The most surprising thing to me in the OP was seeing that Octopress users had been updating their sites all this time...I frequently checked back on the Octopress blog, and then the Git repo, to see how to go about doing that. I tinkered around playing with the dev branches but didn't know enough to get around their hiccups. Finally I gave up on it and just went to Jekyll, which was definitely a blessing in disguise, as it let me figure out more of the process of static site building, with fewer abstractions and conveniences in the way.
I don't know if I'll ever go back to Octopress -- I'm a devout Middleman user now -- but the direction it's taking seems to be the right one, and I'm amazed that the author, these past few years, is still cranking away at what could easily just be a legacy, soul-sucking project -- given the size of the userbase and the number of dependencies/upgrades involved in changing the code base.
For what it's worth, I'm also a huge fan of Middleman. It's a great project and I use it for some things too. For a while, when Jekyll was in a dry spell, I considered building Octopress tools for Middleman as well, but in the end I prefer the simplicity of Jekyll.
Middleman is great, but it's too much like the view layer of Rails. To me, Jekyll feels more like the native web.
But of course, that doesn't mean you can't do incremental rebuilds. If the data is older than both the HTML and the template, then there's no need to rerender. More generators should support this, either internally or by making it easier to run them as part of a Make build.
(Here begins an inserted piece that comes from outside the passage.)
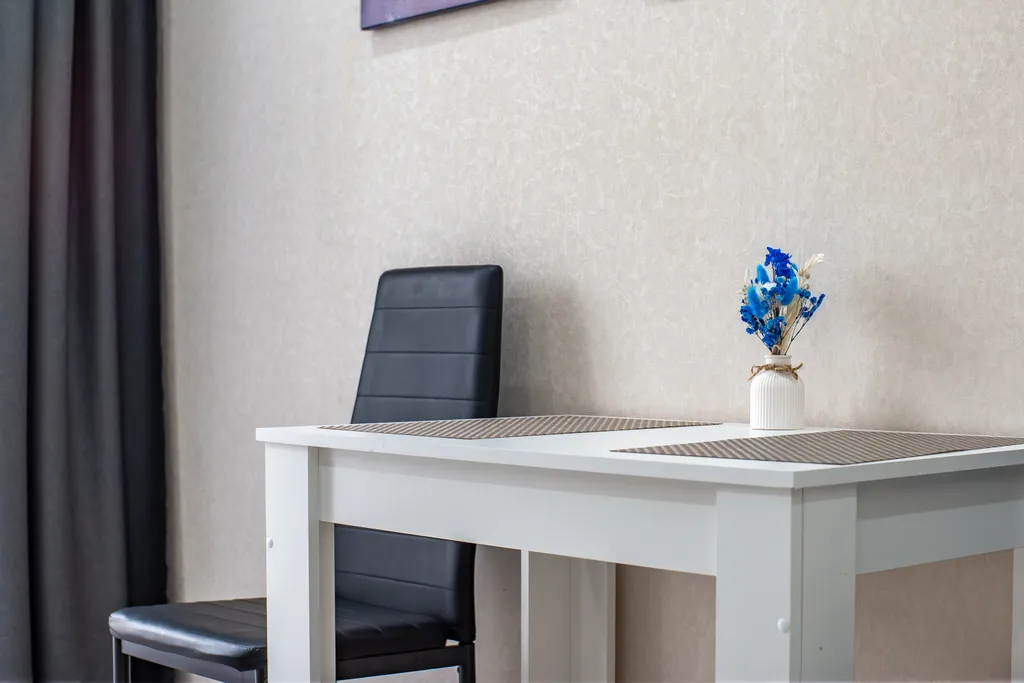 Уютная квартира с видом на озеро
Not quite the admin GUI you're looking for though; it's more for lowering the barrier to entry.
NetObjects Fusion had some interesting features and ideas. My first non-intern job was with a company that did e-Learning materials. Our products were basically self-contained websites, with video content and scripted subtitled text, distributed on CDs. This was 2002 or so, so it was super bleeding edge then.
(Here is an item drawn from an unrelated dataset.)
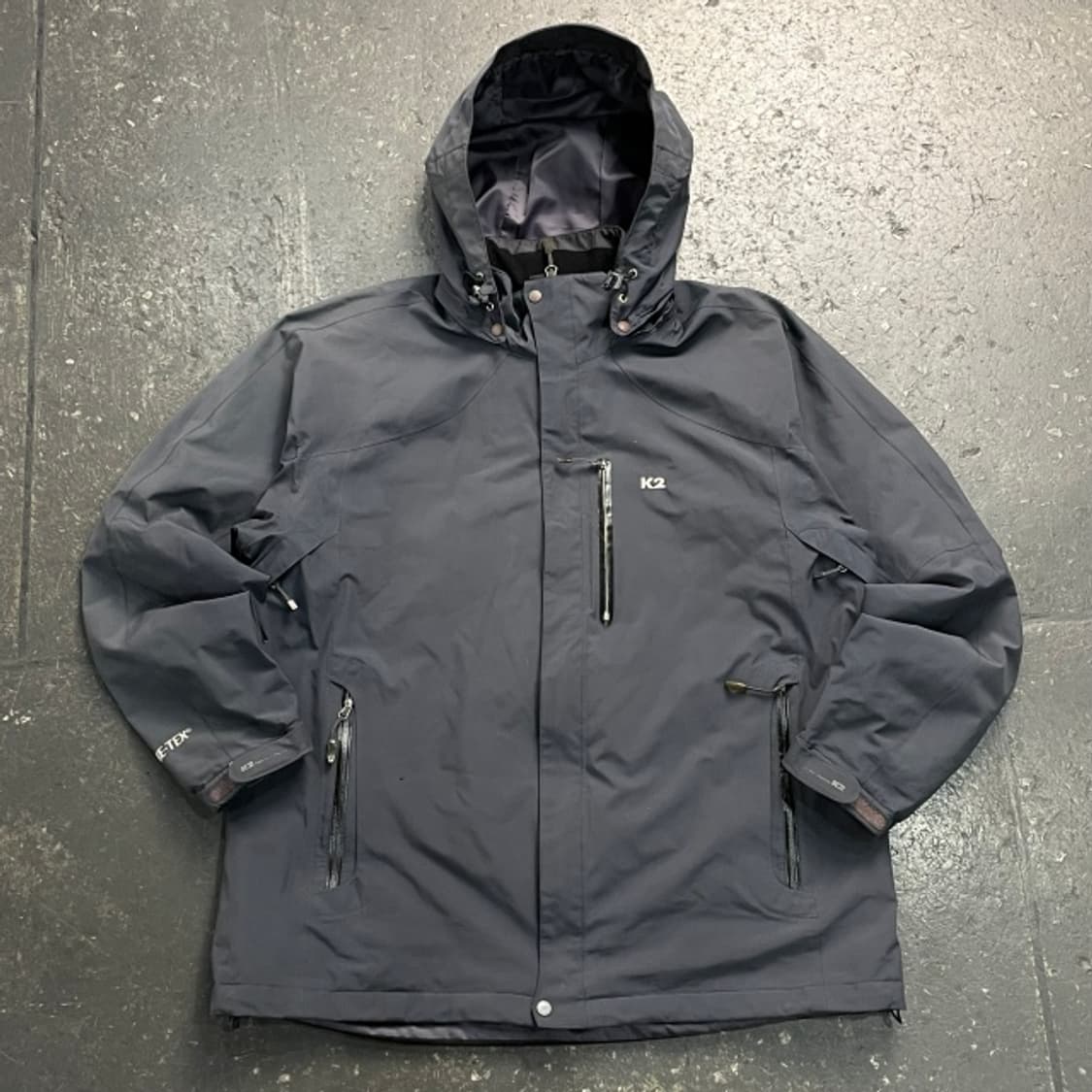 105 K2 고어텍스 바람막이 상품이미지1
Our entire infrastructure relied on the extensive scriptability and plugability of NetObjects Fusion. We had an entire authoring system and video production pipeline that would allow NetObjects to generate pages for the videos with templates, all things needed included. All you had to do was drag the video player into the page and set the right property, and our build system would handle everything else.
The process was so automated on the technical side that it allowed the task of actually assembling the sites themselves to be farmed out to University students with little technical training. Although, speaking as someone who was initially hired as one of those "production workers," we were paid very well relative to other traditional college jobs and the work, while sometimes tedious, was often interesting and fun. I got to learn so many random things - how tires are made, how the propellant for the Space Shuttle's SRBs was mixed, etc.
Even now, I can still, a bit fondly, remember the hierarchical layout of NetObjects, with it's little yellow and black shields representing pages.
It was also a great company to work for. The owner was a business professor full time and this was his side project. We were always small, and him and his wife always took an interest in all the students that worked for them. Getting a home-cooked meal and a night of poker once a week was a nice perk for a poor college student.
The cool thing, though, was there was no pressure to stay. They knew we were students, they knew we were going to graduate eventually and take jobs elsewhere. It was a mutually beneficial scenario where they got relatively cheap labor (at the time), and we got good experience before heading out into the world.
I ended up staying on there for another 3 months or so after I graduated before taking my first full-time programming job. A big part of me landing that first post-college job was due to experienced I gained working in that environment. First as a lowly production worker, then advancing to graphic design, administering the network and programming plugins and scripting for NetObjects.
So I suppose my career would probably look very different without NetObjects Fusion.
EDIT: It doesn look like it's available for linux though...
If you find a workflow that works for you, post an issue on GitHub and maybe I can help automate parts of it. If it's just about adding YAML data, the new post templates feature of Octopress should take care of you there.
EDIT: Whoops, there's now even a directory listing static site generators in different languages! https://www.staticgen.com/
HERE HERE! Can't wait for this to be out!